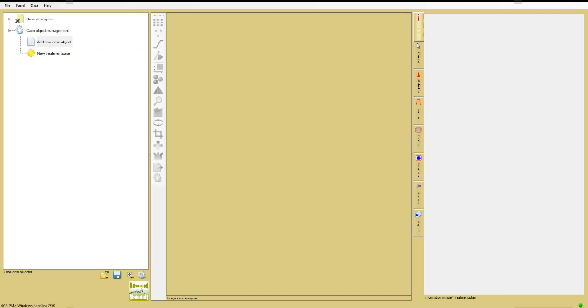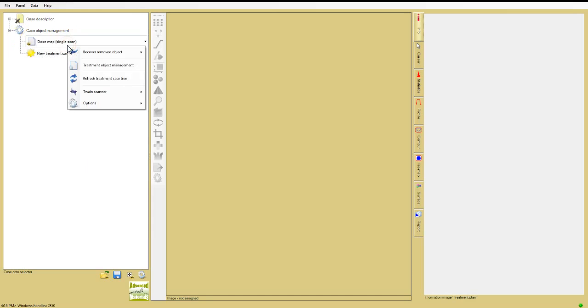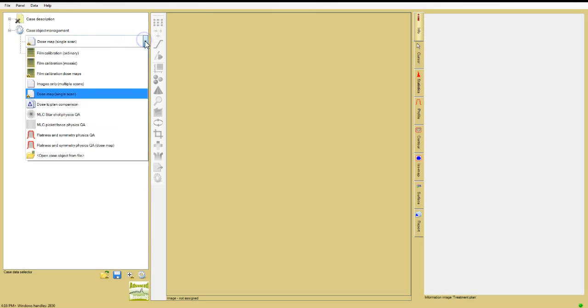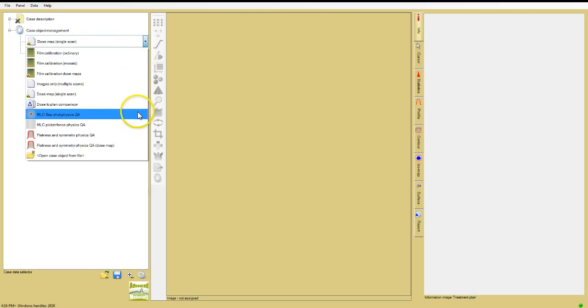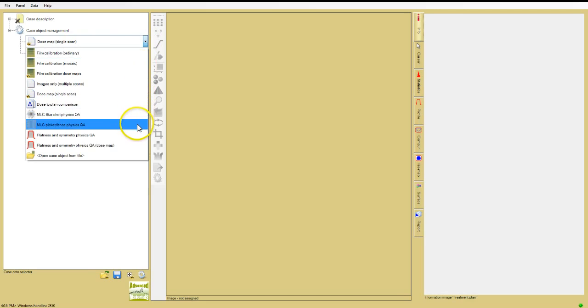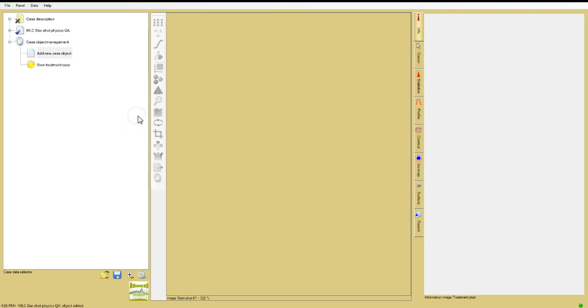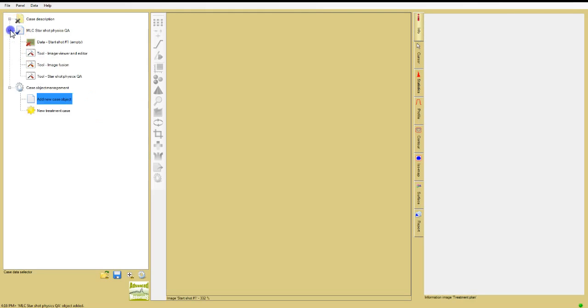Open the FilmQA Pro application, and in the case management object at the bottom of the case tree in the case data selector window, click Add New Case Object. Expand the pull-out menu and select MLC Starshot Physics QA, then click the plus sign to expand the starshot object.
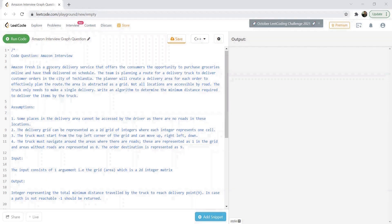The planner will create a delivery area for each order to effectively plan the route. The area is abstracted as a 2D grid. Not all locations on the grid are accessible by the route. The truck needs to deliver to a single delivery point, and we have to write an algorithm to determine the minimum distance required to deliver the items by the truck.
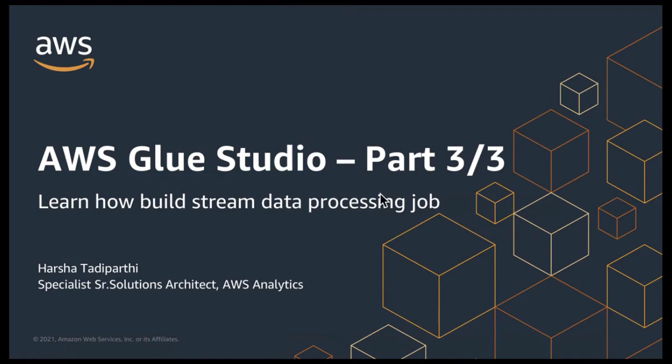Hello, and welcome back to AWS Glue Studio Learning Series Part 3. My name is Harsha Thadiparthi, and I'm a Specialist Senior Solutions Architect covering analytics at Amazon Web Services.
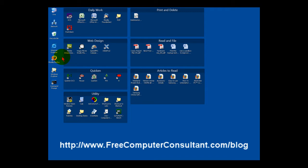And as you can see, what Fences does is it lets you arrange the icons on your screen. I'm running Windows XP here, also works in Windows Vista.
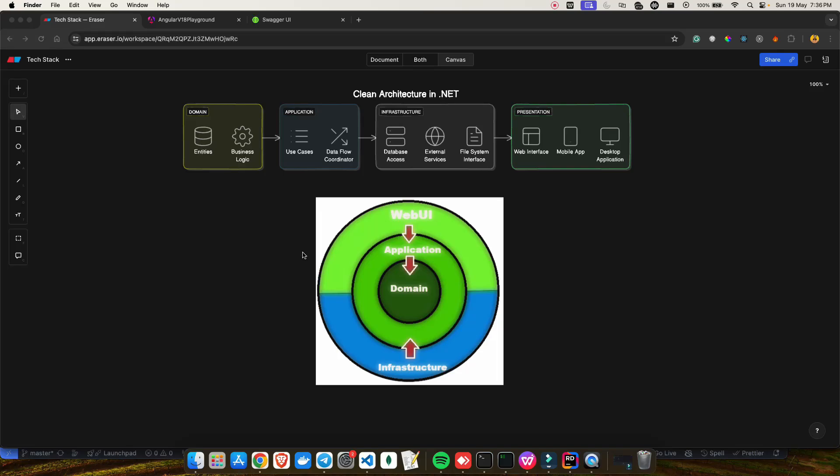Hey everyone, welcome back to my YouTube channel. This is part two of our .NET full stack series. In the previous video we discussed what is a Web API and what is the REST API, and what we are going to build in this series. If you have not watched that video, I highly recommend you go ahead and watch part one and then continue with this part two.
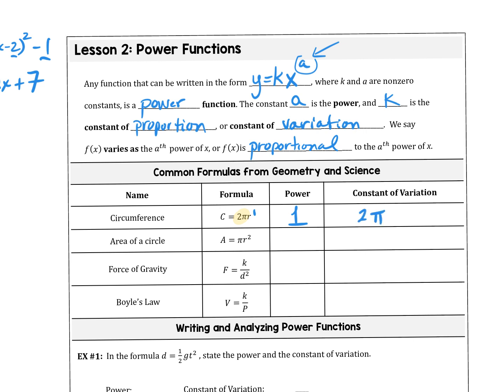Area of a circle is πr². What is the power of this function? It's squared, which means it's 2. So what is the constant of variation here? Whatever's in front of that variable — which is π.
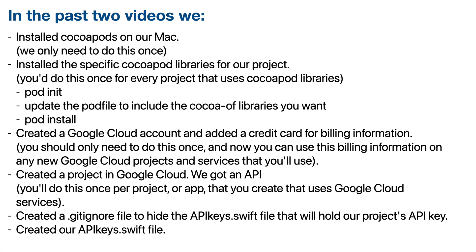Then we created our API keys.swift file and pasted in our API key. And we committed and pushed our project to GitHub just to verify that the gitignore worked. And it did. Now that we got these steps down, in the next video, we'll get the Google Places software library working in our app.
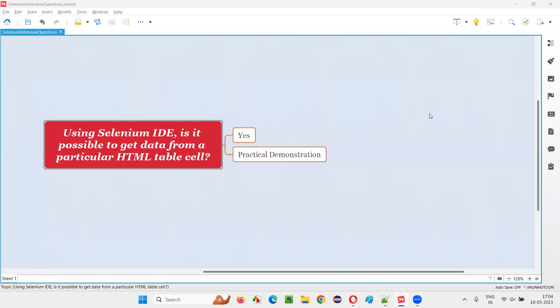In this session, I am going to answer one of the Selenium interview questions. That is, using Selenium IDE, is it possible to get data from a particular HTML table cell?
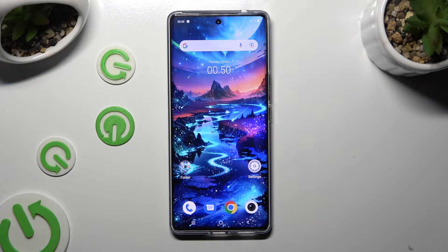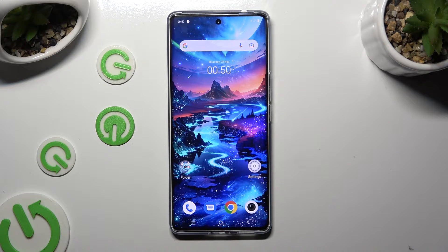Hi, in front of me is the Vivo V29, and today I would like to show you how you can clone apps.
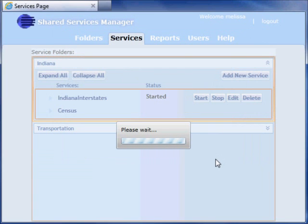Once my service is published, I can use it like any other service. For example, I can add it to ArcMap or use it in a web application. I can also view the service in the ArcGIS Services Directory.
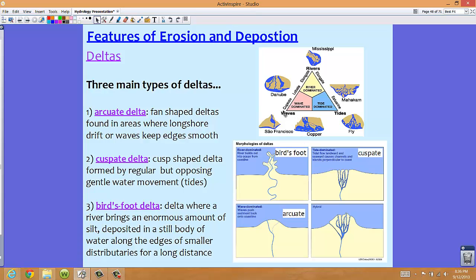Our second type of delta is a cuspate delta — a cusp-shaped delta formed by regular but opposing gentle water movements and tides, shown in the top right picture. This type is tide-dominated. As the tides come in and go out, they erode parts of the coastline. These tides cause channels inland to become perpendicular to the coast, as you can see in the picture.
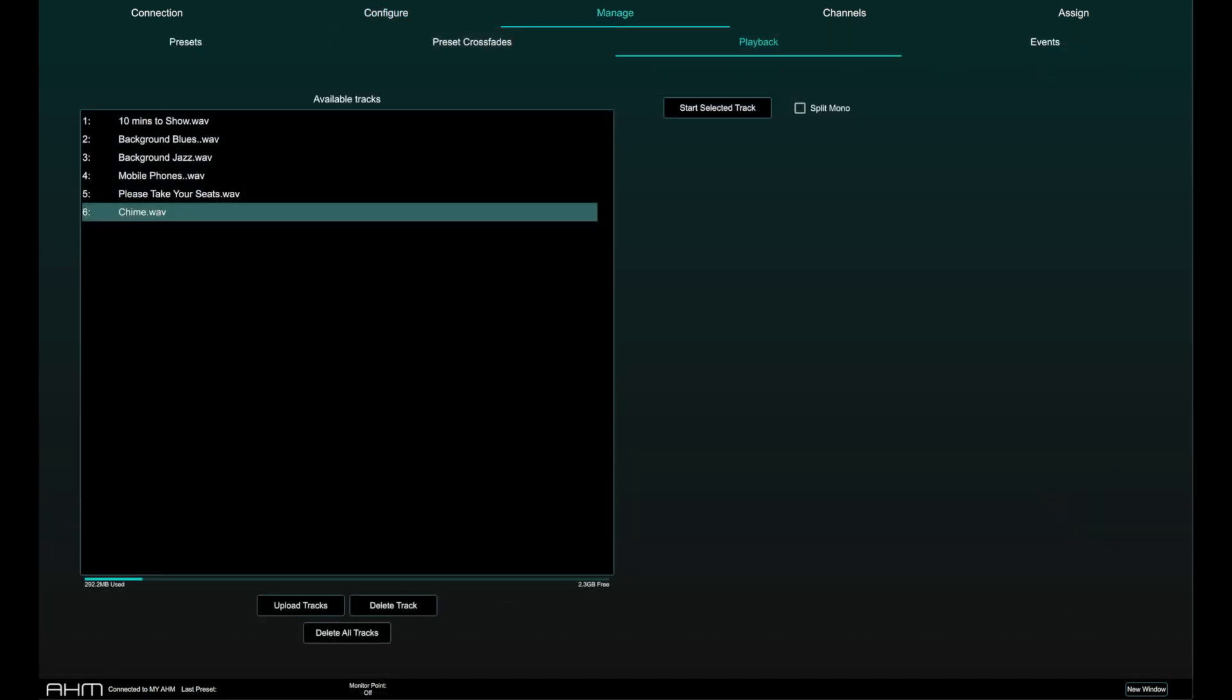Tracks can be played in stereo or one side in mono. To playback in mono, select split mono and choose either mono 1 or mono 2.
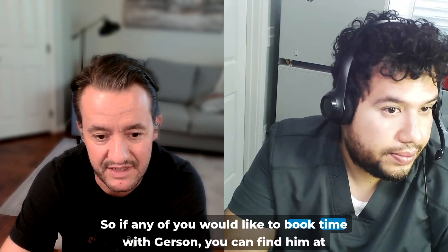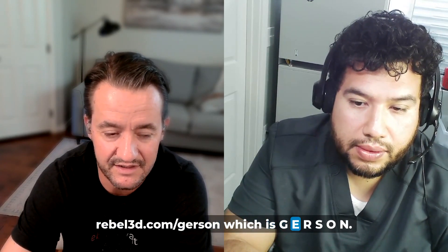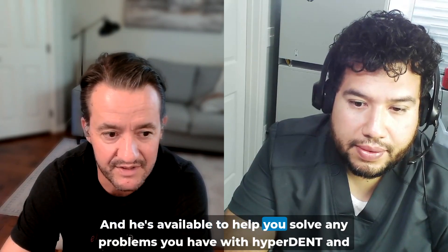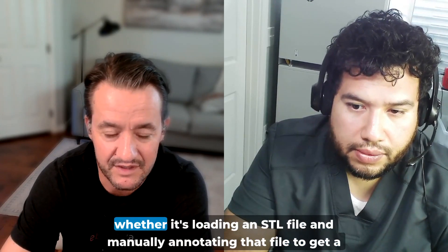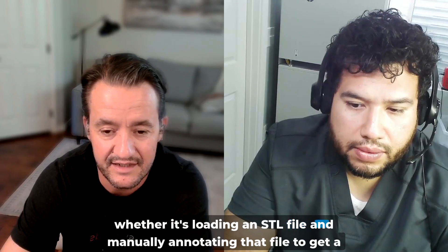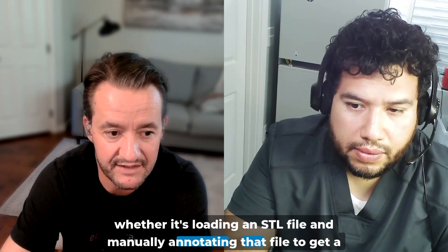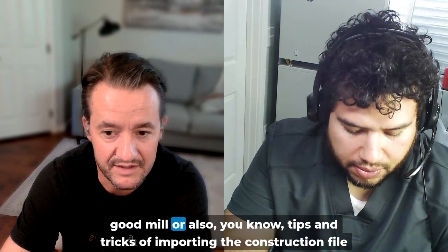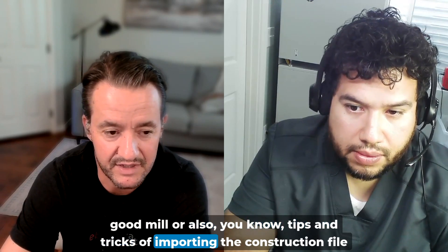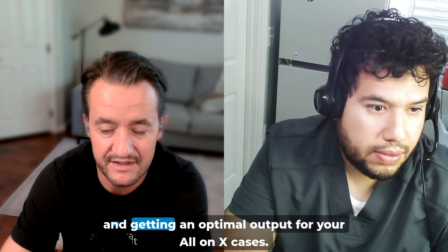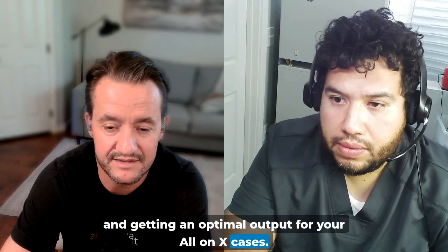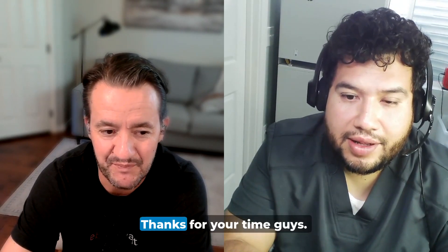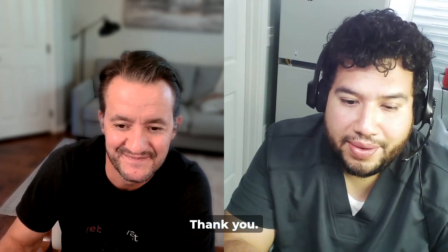So if any of you would like to book time with Harrison, you can find him at rebel3d.com/harrison, which is G-E-R-S-O-N. And he's available to help you solve any problems you have with HyperDent, whether it's loading an STL file and manually annotating that file to get a good mill, or also tips and tricks of importing the construction file and getting an optimal output for your All-On-X cases. So Harrison, thanks for being here. Thanks, thanks for your time guys. Thank you.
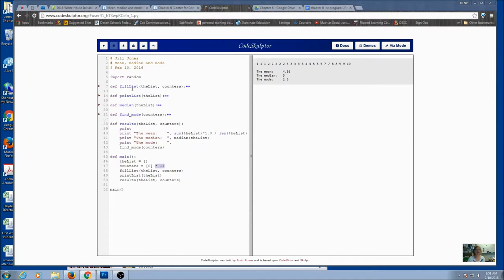The fill list is very similar to dice rolls, the only difference is we're using numbers from 1 to 10. Print lists you've done in many programs right now.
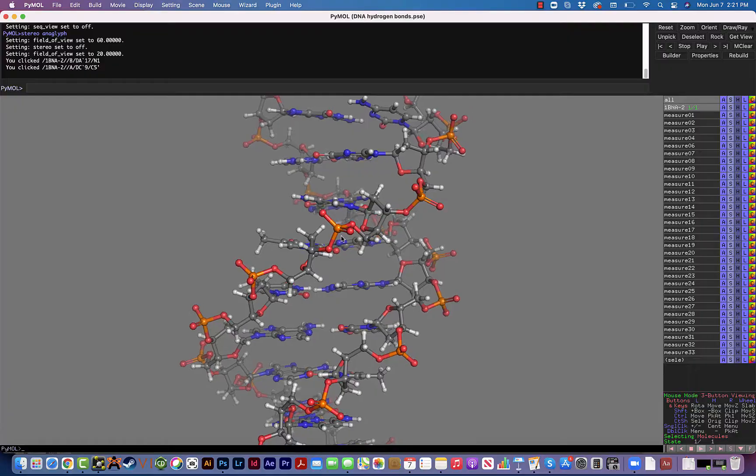Hi everyone. Did you know that Pymol could be converted into a 3D viewer using these stylish 3D glasses? Well, in this video I'm going to show you how to do it.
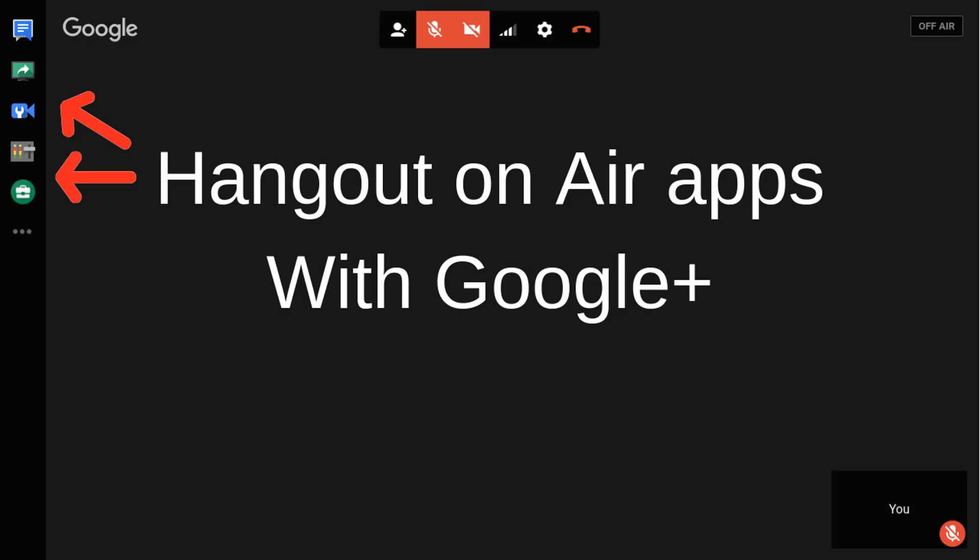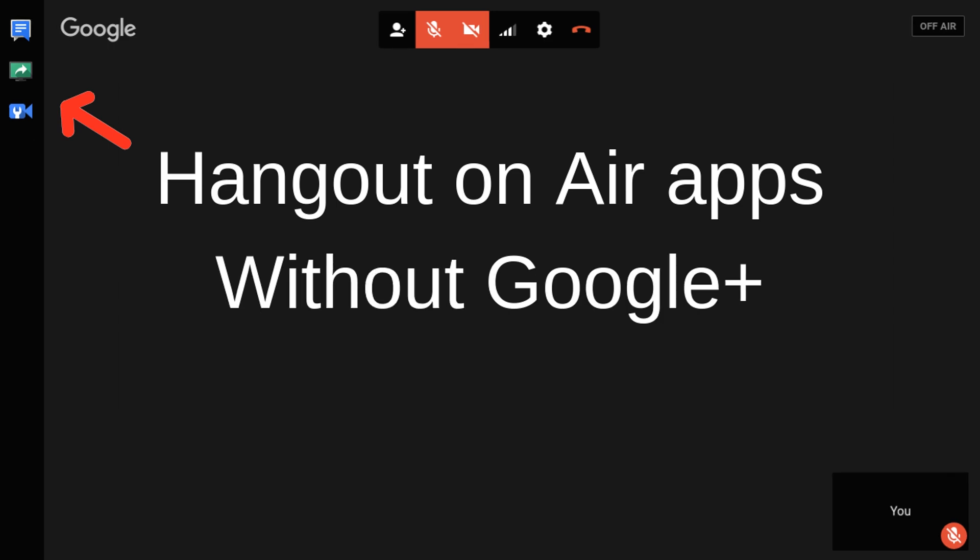For Hangouts on Air, you will lose Control Room and the Hangouts Toolbox, but not the Cameraman app.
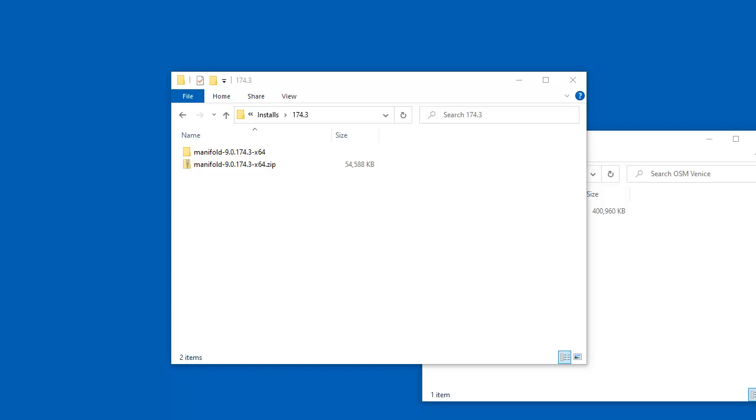Hi everybody, welcome to the Manifold Channel. Let's take a few minutes to learn how to use Manifold System Release 9. All this applies to the free Manifold Viewer as well.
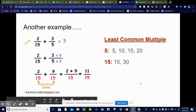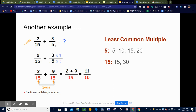Let's look at one more example. Here I'm trying to add 2 fifteenths plus 3 fifths. The denominators are different, so first I need to find a number that 15 and 5 will both divide into evenly. I'll find the least common multiple: multiples of 5 are 5, 10, 15, 20; multiples of 15 are 15, 30. Right away I can see the least common multiple is 15, so that will be my denominator.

**EXERCISE**
The entries above should be reproduced exactly, without their pictures.

**ANSWER**
Open the FilmQA Pro application, and in the case management object at the bottom of the case tree in the case data selector window, click Add New Case Object. Expand the pull-out menu and select MLC Starshot Physics QA, then click the plus sign to expand the starshot object.
The planner will create a delivery area for each order to effectively plan the route. The area is abstracted as a 2D grid. Not all locations on the grid are accessible by the route. The truck needs to deliver to a single delivery point, and we have to write an algorithm to determine the minimum distance required to deliver the items by the truck.
Hello, and welcome back to AWS Glue Studio Learning Series Part 3. My name is Harsha Thadiparthi, and I'm a Specialist Senior Solutions Architect covering analytics at Amazon Web Services.
And as you can see, what Fences does is it lets you arrange the icons on your screen. I'm running Windows XP here, also works in Windows Vista.
Hey everyone, welcome back to my YouTube channel. This is part two of our .NET full stack series. In the previous video we discussed what is a Web API and what is the REST API, and what we are going to build in this series. If you have not watched that video, I highly recommend you go ahead and watch part one and then continue with this part two.
Area of a circle is πr². What is the power of this function? It's squared, which means it's 2. So what is the constant of variation here? Whatever's in front of that variable — which is π.
Then we created our API keys.swift file and pasted in our API key. And we committed and pushed our project to GitHub just to verify that the gitignore worked. And it did. Now that we got these steps down, in the next video, we'll get the Google Places software library working in our app.
In this session, I am going to answer one of the Selenium interview questions. That is, using Selenium IDE, is it possible to get data from a particular HTML table cell?
Hi, in front of me is the Vivo V29, and today I would like to show you how you can clone apps.
Once my service is published, I can use it like any other service. For example, I can add it to ArcMap or use it in a web application. I can also view the service in the ArcGIS Services Directory.
Our second type of delta is a cuspate delta — a cusp-shaped delta formed by regular but opposing gentle water movements and tides, shown in the top right picture. This type is tide-dominated. As the tides come in and go out, they erode parts of the coastline. These tides cause channels inland to become perpendicular to the coast, as you can see in the picture.
Tracks can be played in stereo or one side in mono. To playback in mono, select split mono and choose either mono 1 or mono 2.
So if any of you would like to book time with Harrison, you can find him at rebel3d.com/harrison, which is G-E-R-S-O-N. And he's available to help you solve any problems you have with HyperDent, whether it's loading an STL file and manually annotating that file to get a good mill, or also tips and tricks of importing the construction file and getting an optimal output for your All-On-X cases. So Harrison, thanks for being here. Thanks, thanks for your time guys. Thank you.
The fill list is very similar to dice rolls, the only difference is we're using numbers from 1 to 10. Print lists you've done in many programs right now.
Hi everyone. Did you know that Pymol could be converted into a 3D viewer using these stylish 3D glasses? Well, in this video I'm going to show you how to do it.
For Hangouts on Air, you will lose Control Room and the Hangouts Toolbox, but not the Cameraman app.
Hi everybody, welcome to the Manifold Channel. Let's take a few minutes to learn how to use Manifold System Release 9. All this applies to the free Manifold Viewer as well.
Let's look at one more example. Here I'm trying to add 2 fifteenths plus 3 fifths. The denominators are different, so first I need to find a number that 15 and 5 will both divide into evenly. I'll find the least common multiple: multiples of 5 are 5, 10, 15, 20; multiples of 15 are 15, 30. Right away I can see the least common multiple is 15, so that will be my denominator.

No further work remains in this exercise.